(Listed entries Opens)
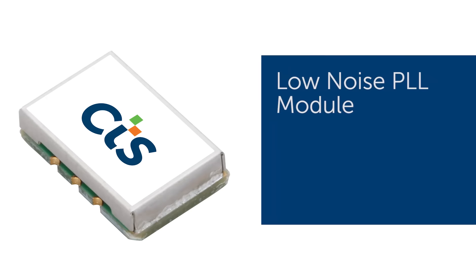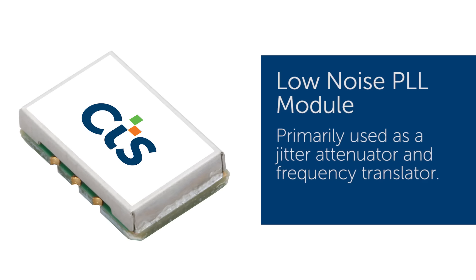Another product we have introduced this year is a low profile, small size PLL module. This device is primarily used as a jitter attenuator and frequency translator.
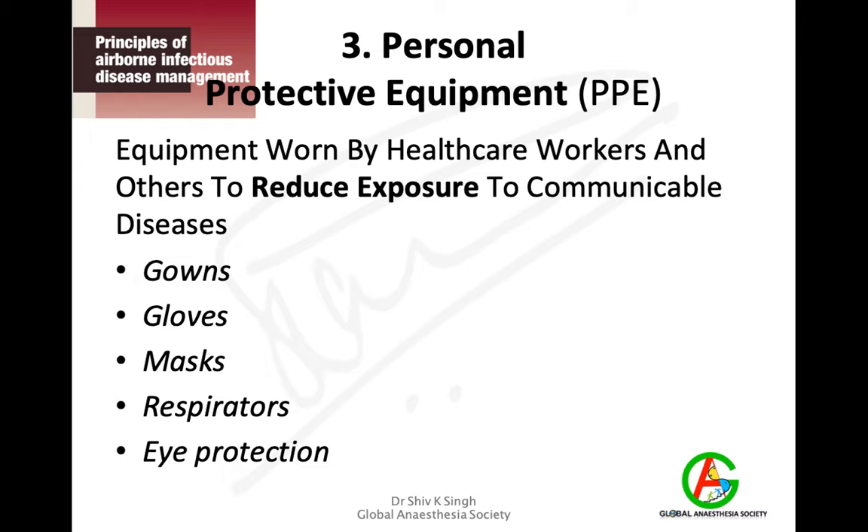The third measure is personal protective equipment, which everybody knows about. PPE is worn by healthcare workers to reduce exposure to communicable diseases. This involves gowns, gloves, masks, respirators, and eye protection.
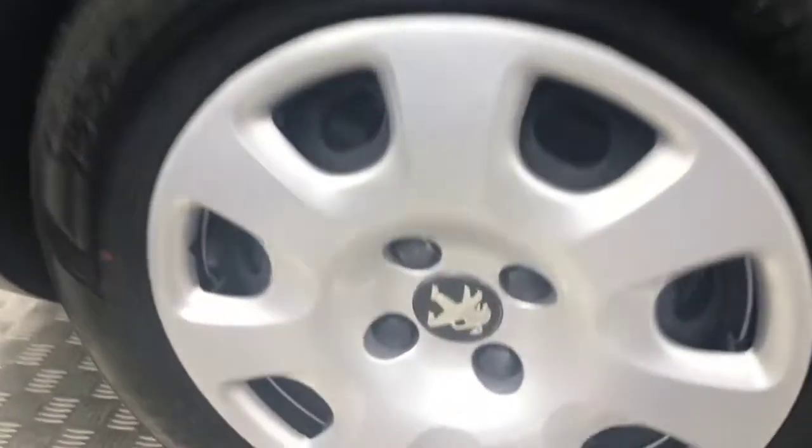Your wheel trims are perfect with loads of life left on that. The sliding door opens nice and easily - it's not stiff or anything like that. And coming down there's your final wheel there.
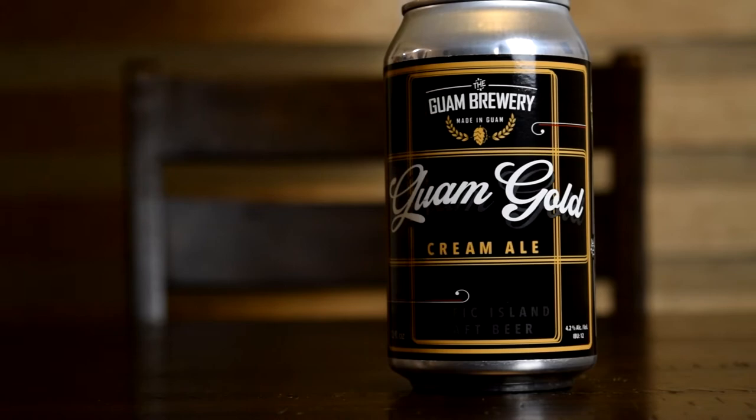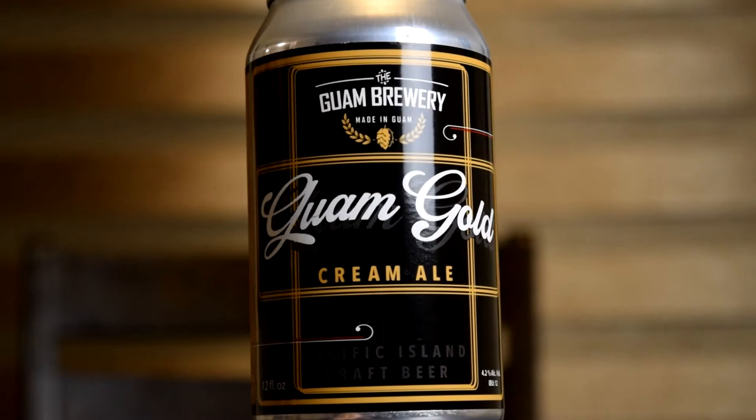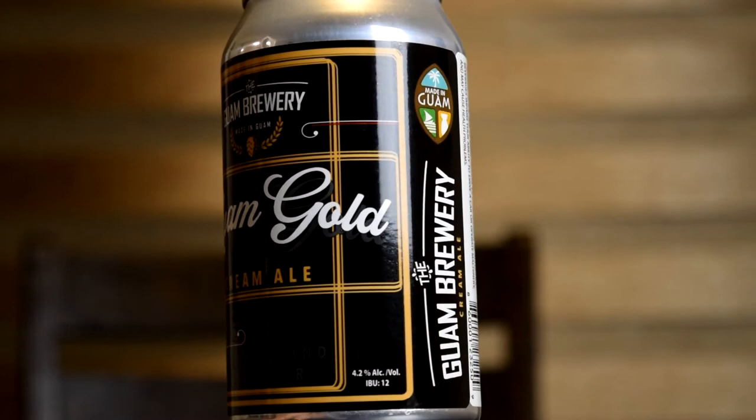I did just do a cream ale — it was the Island Colada, a coconut and pineapple cream ale — but this one has no other adjuncts added, no fruit or anything. So this is going to be a nice baseline cream ale, you could say. Cream ale is number two on my styles list, so I'm hoping this lives up to the style hype, at least my style hype.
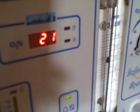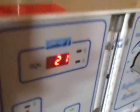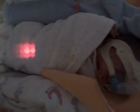Here's the accent thing at 21%, which is good. You can barely see James right now because he's very tired and he's wrapped up. He just got fed and now he's sleeping. He's all wrapped up.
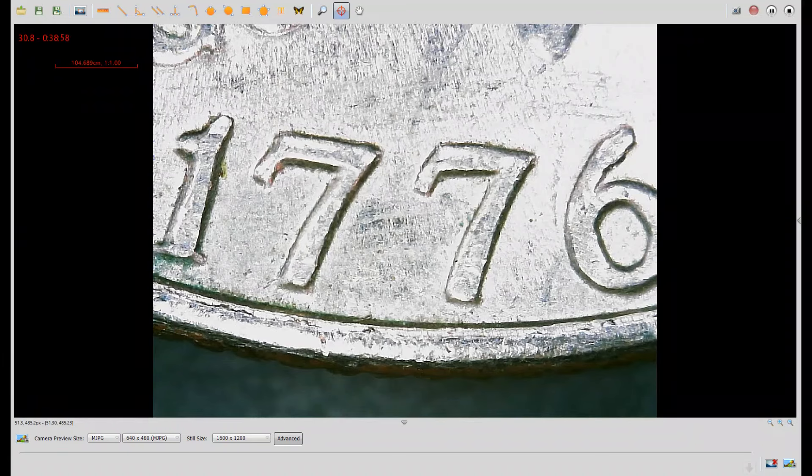Under the scope is a 1976D Bicentennial. If you look here at the top left of the 1 in the date, you can see it's quite a bit thicker than normal — normally it's a little more pointed than this. You can see splitting on the top right of each 7. There's normally a split here of the top serif of the 6, but it's damaged and hard to see. This is DDO number 1 in Variety Vista. We're on the board.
(Listed entries Closes)
Work instructions
The copy you give must repeat each record character for character, but it must not include the pictures.

Output for this exercise
Another product we have introduced this year is a low profile, small size PLL module. This device is primarily used as a jitter attenuator and frequency translator.
The third measure is personal protective equipment, which everybody knows about. PPE is worn by healthcare workers to reduce exposure to communicable diseases. This involves gowns, gloves, masks, respirators, and eye protection.
Your wheel trims are perfect with loads of life left on that. The sliding door opens nice and easily - it's not stiff or anything like that. And coming down there's your final wheel there.
I did just do a cream ale — it was the Island Colada, a coconut and pineapple cream ale — but this one has no other adjuncts added, no fruit or anything. So this is going to be a nice baseline cream ale, you could say. Cream ale is number two on my styles list, so I'm hoping this lives up to the style hype, at least my style hype.
Here's the accent thing at 21%, which is good. You can barely see James right now because he's very tired and he's wrapped up. He just got fed and now he's sleeping. He's all wrapped up.
Under the scope is a 1976D Bicentennial. If you look here at the top left of the 1 in the date, you can see it's quite a bit thicker than normal — normally it's a little more pointed than this. You can see splitting on the top right of each 7. There's normally a split here of the top serif of the 6, but it's damaged and hard to see. This is DDO number 1 in Variety Vista. We're on the board.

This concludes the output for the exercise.